Publications Repository - Helmholtz-Zentrum Dresden-Rossendorf

We describe multi-quark clusters in quark matter within a Beth-Uhlenbeck approach in a background gluon field coupled to the underlying chiral quark dynamics using the Polyakov gauge. An effective potential for the traced Polyakov loop is used to establish the property of color SU(3) center symmetry as an aspect of confinement.
A higher multi-quark cluster of size $a$ is described as a binary composite of smaller subclusters a1 and a2 (where a1+a2=a) with a bound state and a scattering state spectrum. For the corresponding cluster-cluster phase shifts we use simple ansätze that capture the Mott dissociation of clusters as a function of temperature and chemical potential. We compare the simple "step-up-step-down" model that ignores continuum correlations with an improved model that includes them in a generic form.
In order to explain the model, we restrict ourselves here to the cases where the largest cluster contains six quarks.

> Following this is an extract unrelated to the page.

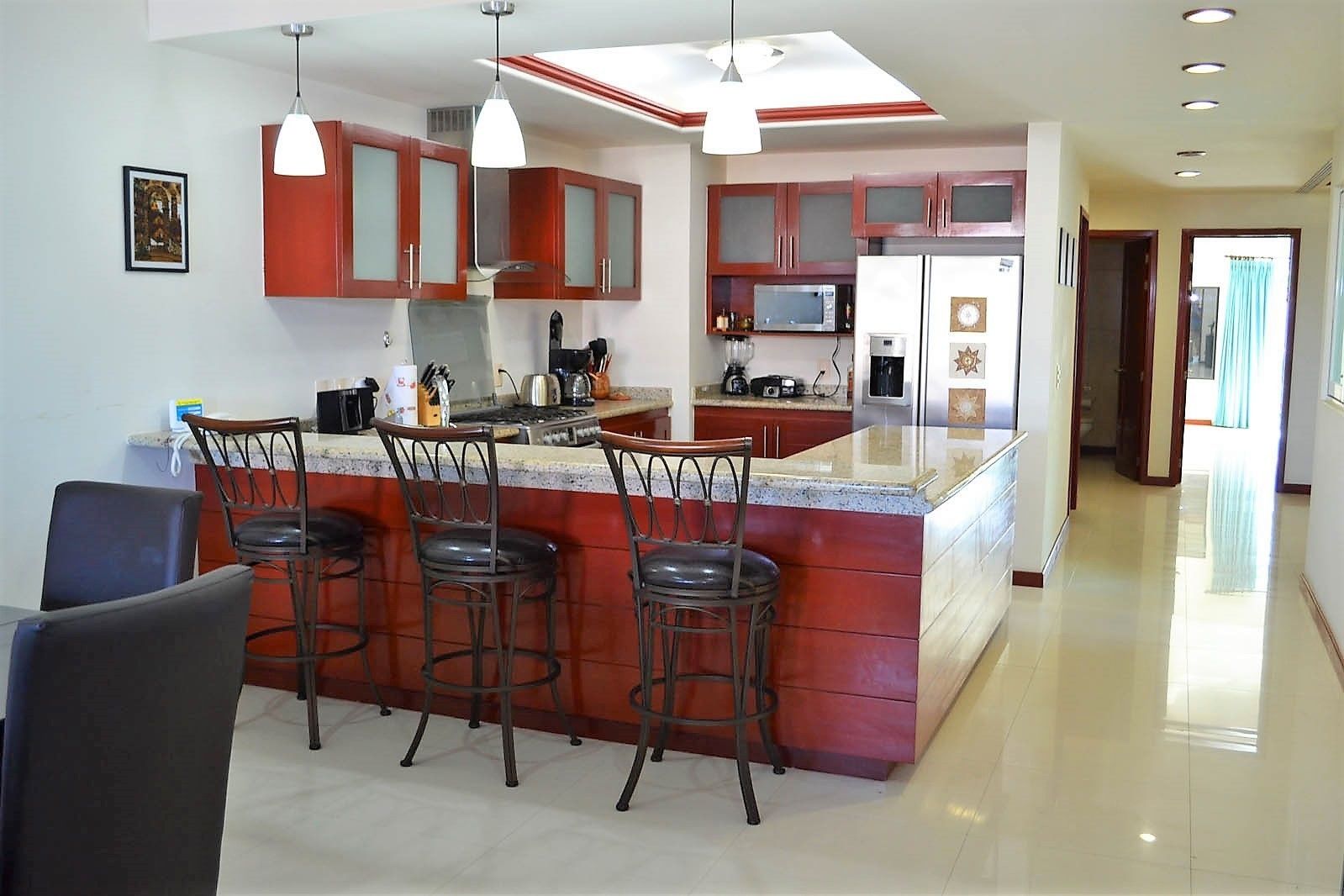 Condo, Non Smoking | Private kitchen | Full-sized fridge, microwave, oven, stovetop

One striking result is the suppression of the abundance of colored multi-quark clusters at low temperatures by the coupling to the Polyakov loop. This is understood in close analogy to the suppression of free quark abundances by the same mechanism. We derive here the corresponding Polyakov-generalized distribution functions of b -quark clusters. Another new result is the effective suppression of free quarks by a large (> 600 MeV) constituent quark mass generated by dynamical breaking of the approximate chiral symmetry in the quark sector and its sudden restoration at the Mott temperature, where all hadronic bound states become dissociated into the multi-quark continuum.
Within our approach we calculate thermodynamic properties such as baryon density and entropy. A comparison with lattice calculations shows that our model is able to give a unified, systematic approach to describe properties of the quark-gluon-hadron system.